だれかの役に立てる充実感。筆耕の仕事人 中村美智代さんのお話

「多くの出会いが私の宝ね」

中村美智代さん(84)は、結婚後まもなく尼崎・園田に移り住むが、転勤の多い夫に連れ添って全国各地を繰り返すこと12回。その間、主婦として二人の子育てもしながら、幼少期から親しんできた書道を生かし、筆耕の仕事をしてきた。

再び尼崎に戻った55歳のとき、たまたま尼崎市シルバー人材センターの看板を見かけて、すぐに入会。尼崎でも筆耕の仕事を始める。
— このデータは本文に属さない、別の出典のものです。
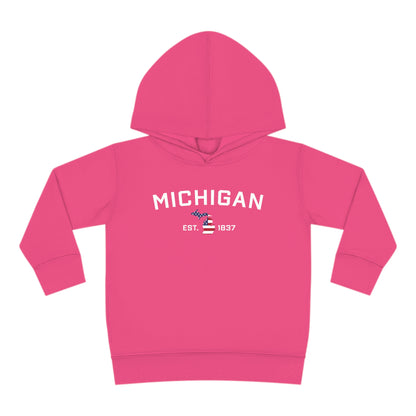 'Michigan EST 1837' Hoodie (With MI USA Flag Outline) | Unisex Toddler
筆耕と言えば宛名や賞状書きのイメージがあるが、中村さんが担当するのは、横断幕や看板のレイアウトなど工夫のいる大物が多いそう。ほかにも、大手企業の年頭訓示の挨拶台本の清書など、名指しで来るお仕事も多いのだとか。「社長さんから文章の内容まで相談されたりしてね、そういうのも楽しみなの」と微笑む中村さん。
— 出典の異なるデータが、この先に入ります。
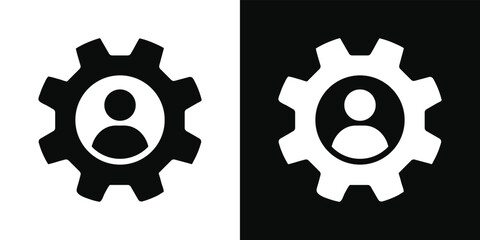 Plakat Skill experience gear icon set. User expertise management symbol. Professional competence settings emblem.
人との出会いを大切にする性分で、センターで知り合った友人たちを招いて自宅でたこ焼きパーティで楽しむこともあるという。「いくつになっても声をかけてもらって、少しでも人の役に立つ仕事をさせてもらえる充実感が健康の秘訣ね」と教えてくれた。

いくつでも働くっていうこと銭湯の大女将 高好幸子さんのお話

「毎日の温泉が効いてるわ」

80歳を目前にして、脳梗塞で倒れ左半身不随になったという高好幸子さん(86)。毎日温泉に浸かり体をほぐすのが日課だ。そのおかげか「特に体のどこにも痛いところはないんよ」と言い切る。今も毎日、道意町にある銭湯「蓬莱湯」で、女湯にかかる暖簾の傍らに置いた椅子に腰掛け、お客に声をかけるのも役目だ。現在は、娘夫婦に代を譲るが、番台を守る娘・稲里美さんを傍らでそっと見守ったり、時々番台を交代したりも。同郷の宇和島出身の夫との結婚と同時に尼崎の銭湯に住み込みで働き始めてから、かれこれ60年の歳月が流れた。
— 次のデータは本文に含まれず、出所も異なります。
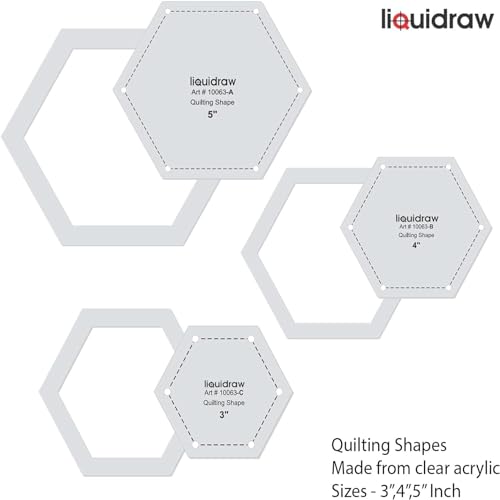 Liquidraw Quilting Templates & Rulers - 3 Set, 3", 4" & 5" | Hexagon Shape | for Patchwork, Sewing, Art & Craft, Cutting & Design | Transparent Acrylic | Easy to Read | for Beginners or Professionals - style: Hexagon Set of 3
普通のまちの銭湯だった蓬莱湯が、温泉掘削の大工事を経て、源泉かけ流し「温泉銭湯」に大リニューアルしたのが10年ほど前。温泉掘削の娘夫婦の決断に反対はなかったのか聞くと、「温泉掘るのは99%成功と思い、心配はしなかった」と、きっぱり。今、その温泉は、高好さんの体のリハビリに欠かせない存在だ。銭湯一筋に働いてきて、でも大きな変化にも柔軟に対応していく。小さな体に宿した強いバイタリティを感じた。